### PROBLEM
State how many lines in the listing include the word "Image", and give no other text.

### DATA
┌──

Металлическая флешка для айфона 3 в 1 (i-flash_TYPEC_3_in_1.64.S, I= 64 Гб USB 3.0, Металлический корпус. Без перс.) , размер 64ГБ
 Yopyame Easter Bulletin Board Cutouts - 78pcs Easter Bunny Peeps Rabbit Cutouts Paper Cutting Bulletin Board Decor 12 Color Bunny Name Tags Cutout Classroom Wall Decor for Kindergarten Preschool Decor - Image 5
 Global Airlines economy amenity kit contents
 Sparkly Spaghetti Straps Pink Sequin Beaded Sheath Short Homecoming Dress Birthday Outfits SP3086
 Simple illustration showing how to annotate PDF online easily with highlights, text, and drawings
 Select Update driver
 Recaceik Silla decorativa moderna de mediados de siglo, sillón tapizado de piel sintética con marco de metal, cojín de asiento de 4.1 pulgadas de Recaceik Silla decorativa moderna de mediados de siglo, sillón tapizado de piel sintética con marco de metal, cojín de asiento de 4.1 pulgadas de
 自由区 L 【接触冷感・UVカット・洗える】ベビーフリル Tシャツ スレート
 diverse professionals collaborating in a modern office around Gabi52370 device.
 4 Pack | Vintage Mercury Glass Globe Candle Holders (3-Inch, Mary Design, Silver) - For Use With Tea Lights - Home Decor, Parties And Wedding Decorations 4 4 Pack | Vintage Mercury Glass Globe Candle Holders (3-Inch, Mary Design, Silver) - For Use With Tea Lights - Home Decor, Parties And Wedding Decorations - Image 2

└──

### RESPONSE TO THE TASK
2